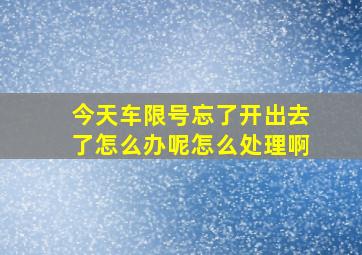 今天车限号忘了开出去了怎么办呢怎么处理啊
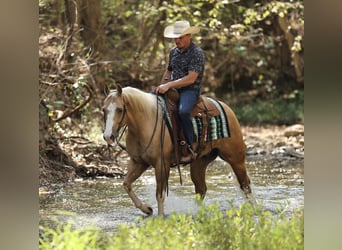 American Quarter Horse, Ruin, 4 Jaar, Palomino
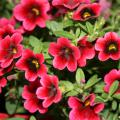 Superbells are heat-tolerant and bloom all summer. These Pomegranate Punch Superbells have deep velvet-red petals and an almost black center eye. (Photo by MSU Extension Service/Gary Bachman)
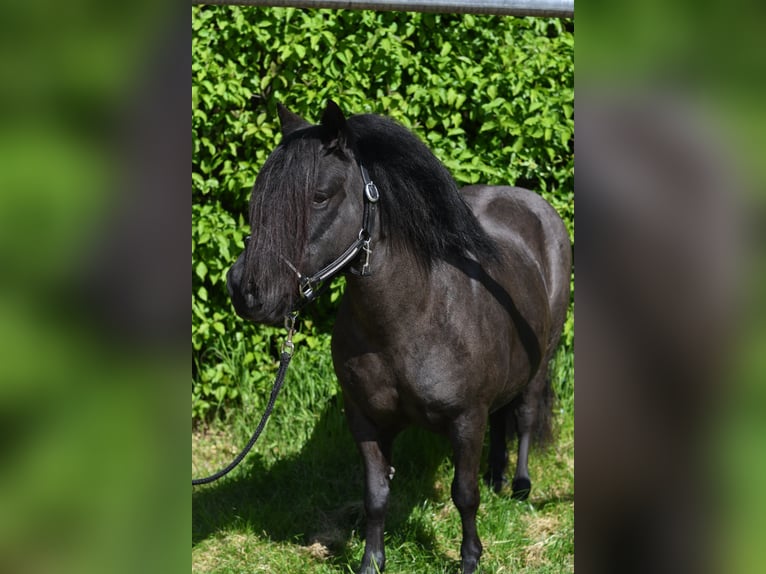 Shetland Giumenta 10 Anni 105 cm Morello in Geilenkirchen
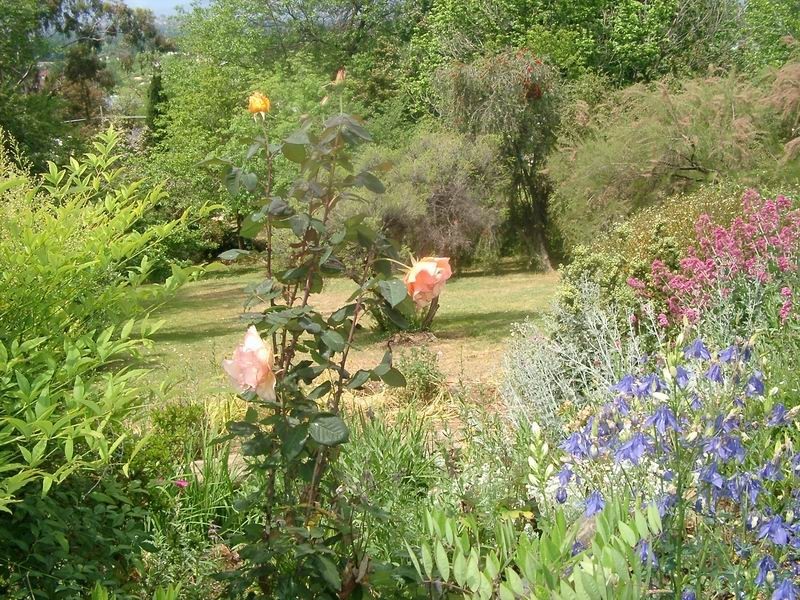 60 Dalhunty Street, Tumut NSW 2720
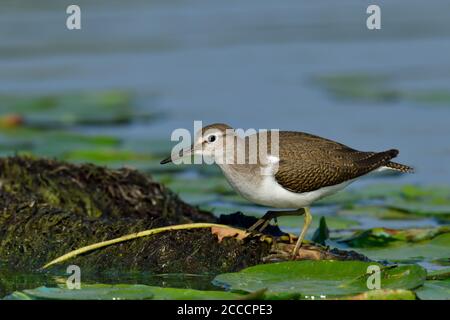 Common sandpiper (Actitis hypoleucos) looking for food Stock Photo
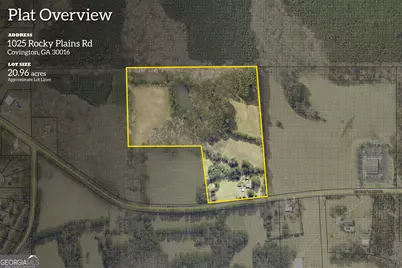 1025 Rocky Plains Road, Covington, GA 30016 - Photo 16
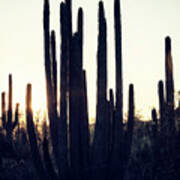 Cacti Cactus Collection - Against The Light Ii Art Print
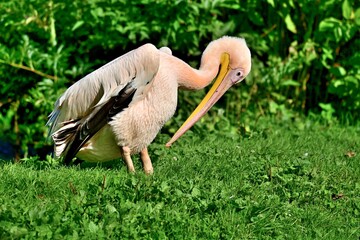 Ein Rosapelikan (Pelecanus onocrotalus), Great white pelican.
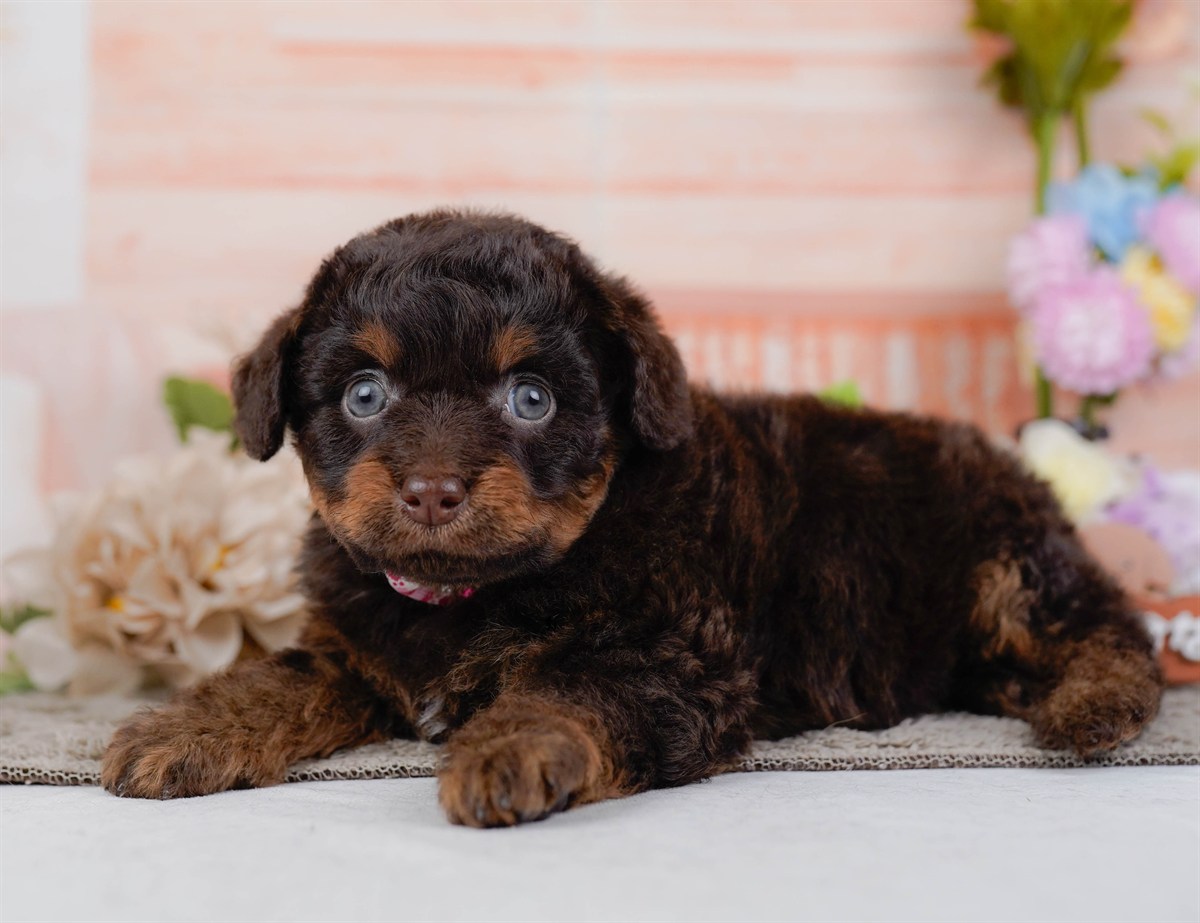 チワプー | 女の子 | ブラウン＆タン | 2026年2月17日（ID:dog-200015614）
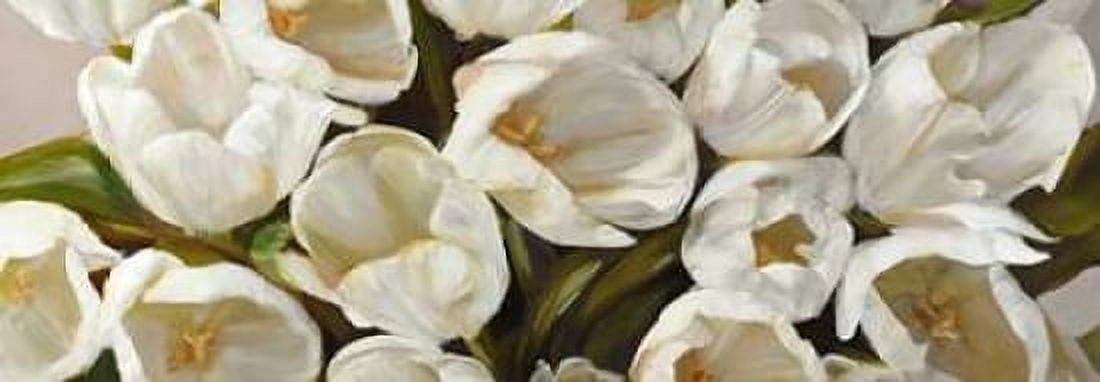 Posterazzi Tulipani bianchi Canvas Art - Leonardo Sanna (10 x 20)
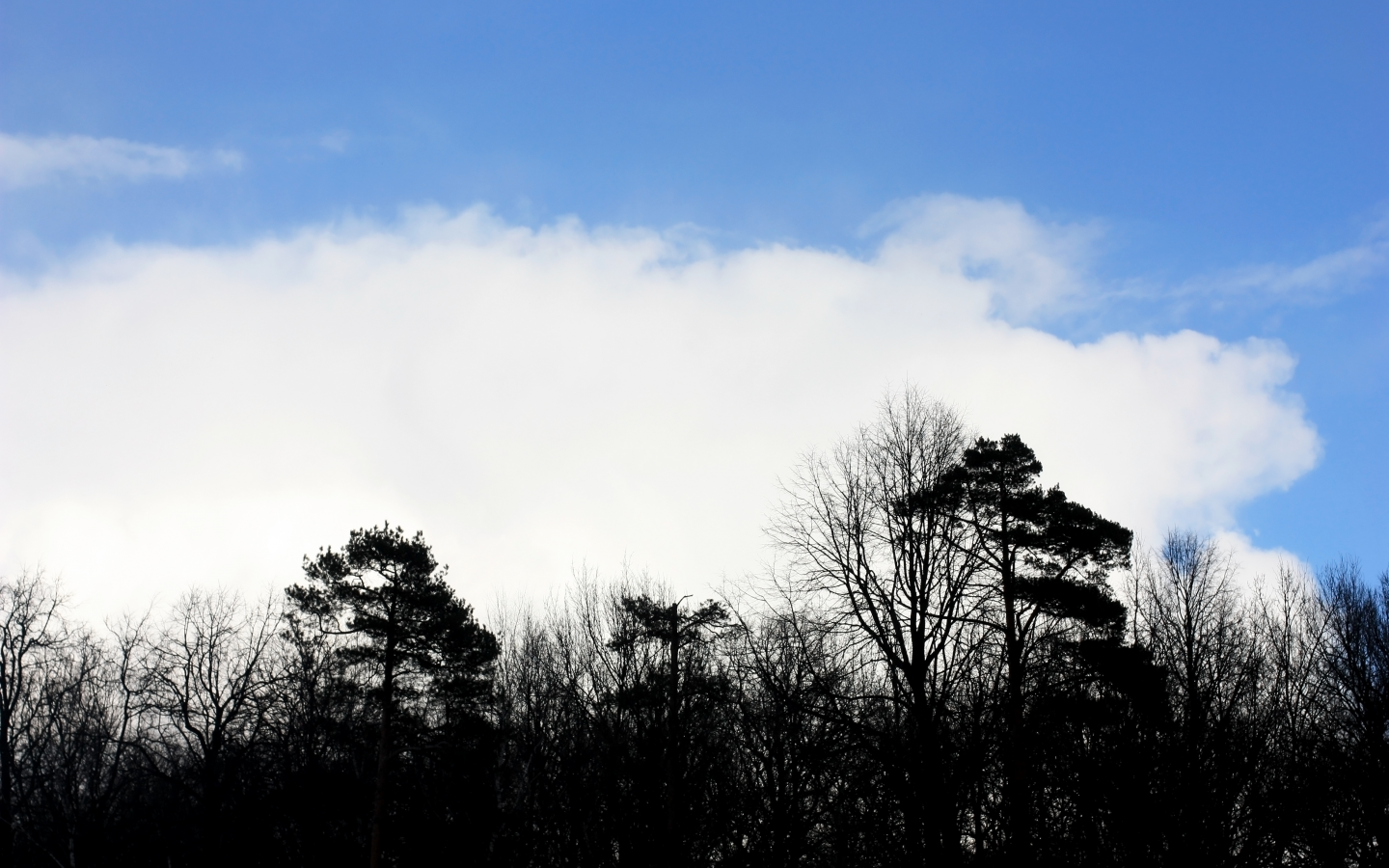 небо, облако, синий, белый, лес, силуэт, черный, дерево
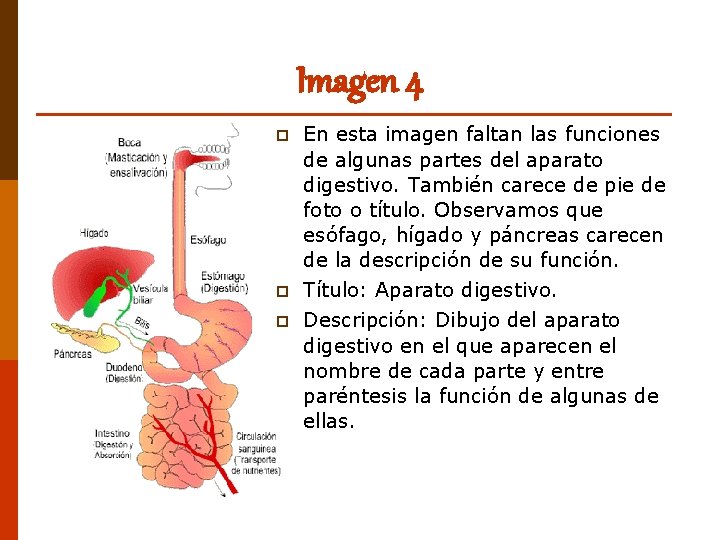 Imagen 4 p En esta imagen faltan las funciones de algunas partes del aparato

ABOUT THIS EXERCISE:
Restate the listing word for word. Pictures do not belong in the copy.

EXERCISE ANSWER:
 今天车限号忘了开出去了怎么办呢怎么处理啊
 American Quarter Horse, Ruin, 4 Jaar, Palomino
 Superbells are heat-tolerant and bloom all summer. These Pomegranate Punch Superbells have deep velvet-red petals and an almost black center eye. (Photo by MSU Extension Service/Gary Bachman)
 Shetland Giumenta 10 Anni 105 cm Morello in Geilenkirchen
 60 Dalhunty Street, Tumut NSW 2720
 Common sandpiper (Actitis hypoleucos) looking for food Stock Photo
 1025 Rocky Plains Road, Covington, GA 30016 - Photo 16
 Cacti Cactus Collection - Against The Light Ii Art Print
 Ein Rosapelikan (Pelecanus onocrotalus), Great white pelican.
 チワプー | 女の子 | ブラウン＆タン | 2026年2月17日（ID:dog-200015614）
 Posterazzi Tulipani bianchi Canvas Art - Leonardo Sanna (10 x 20)
 небо, облако, синий, белый, лес, силуэт, черный, дерево
 Imagen 4 p En esta imagen faltan las funciones de algunas partes del aparato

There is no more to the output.